Last week’s ending of diplomatic relations between Qatar and almost all of the other Gulf States, not least Saudi Arabia and the United Arab Emirates – and which provoked a series of ‘cyber-threats’ to be carried out on Qatar-based news channel Al Jazeera – but it is now clear that there is now far more at stake in terms of TV transmissions out of Qatar.

Top of the list is the FIFA World Cup planned to be held in Qatar in 2022. The football tournament was already massively controversial because of the region’s summer heat, which has seen the organisers having to set the first ‘winter’ games for the football championships in its 86-year history, to November and December 2022.

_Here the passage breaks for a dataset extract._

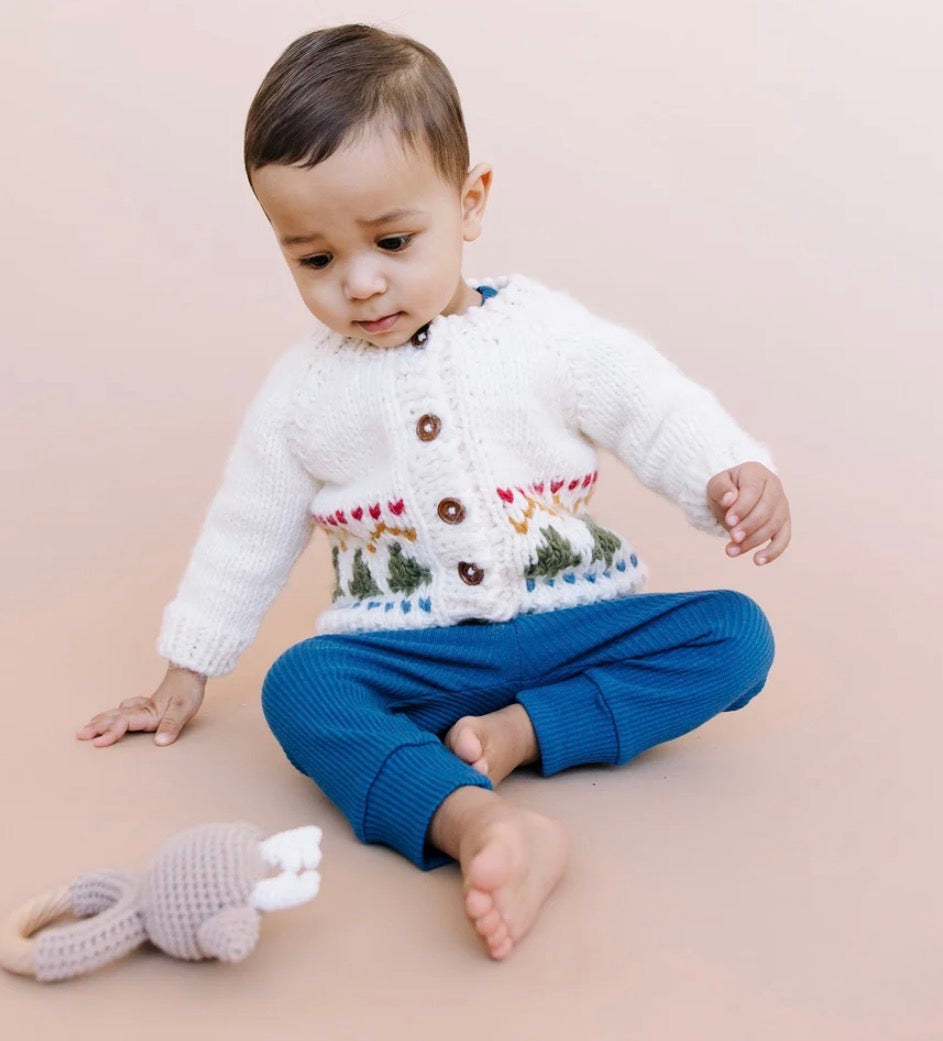 The Blueberry Hill Tree Fair Isle Cardigan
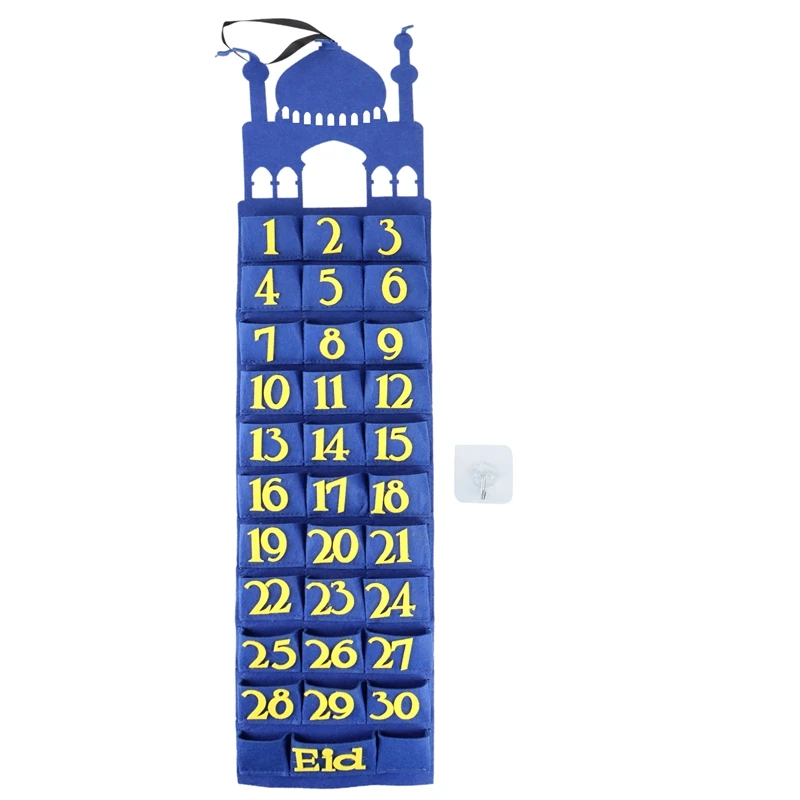 

Eid Mubarak Mubarak Countdown Calendar, Ramadan Supplies Children's Eid Mubarak Gift Ornaments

That’s one problem which fans might appreciate as a respite from Qatar’s punishing summer heat, and where 45-50 degrees (centigrade) are not unusual.

But that assumes the dispute with the rest of the Gulf states is well over by 2002. Currently, airspace into and out of Qatar is mostly closed. Saudi Arabia has blocked all air-traffic into Qatar, as has the United Arab Emirates. Incidentally, FIFA is part-sponsored by Qatar Airways. Then only road access into Qatar is via Saudi Arabia.

The head of FIFA, Gianni Infantino, in a statement carried by French news agency AFP, said: “I am confident the region will return to a normal situation.” He told the news agency that FIFA was “closely watching the evolving situation and we are in regular contact with the highest authorities in Qatar.

The diplomatic spat has to end soon. Currently widespread reports say that Qatar’s food supermarkets are devoid of food, with their shelves stripped bare.

The controversy between Qatar and the other Gulf states is all the more regrettable because the original FIFA award was made as a step in uniting and unifying the football-mad Gulf nations, and in the words of the wife of Qatar’s then ruler Sheikha Mozah bint Nasser Al Missned, when she said the event would promote a “culture of peace” across the region through football.

The problems also affect regional pay-TV broadcaster beIN Sport (a sister business to Al Jazeera) which holds the transmission rights to many FIFA events, not least the Under-20 World Cup being held in South Korea currently and which has now been blocked in the Gulf states. The ‘Under-20’ final – between Venezuela and England – was played June 11th and won by England.

Major Saudi Arabian football club Ah-Ahli has also severed its ties with Qatar and its airline.

Saudi Arabia has forbidden Al Jazeera to be shown in hotels in the country. There are widespread reports that Saudi wants Al Jazeera shut down as the price for restoring diplomatic relations. While beIN Sport would not be subject to the same demands, if the FIFA 2022 World Cup is to stay in Qatar then this dispute needs a speedy resolution – and that might mean the end of Al Jazeera.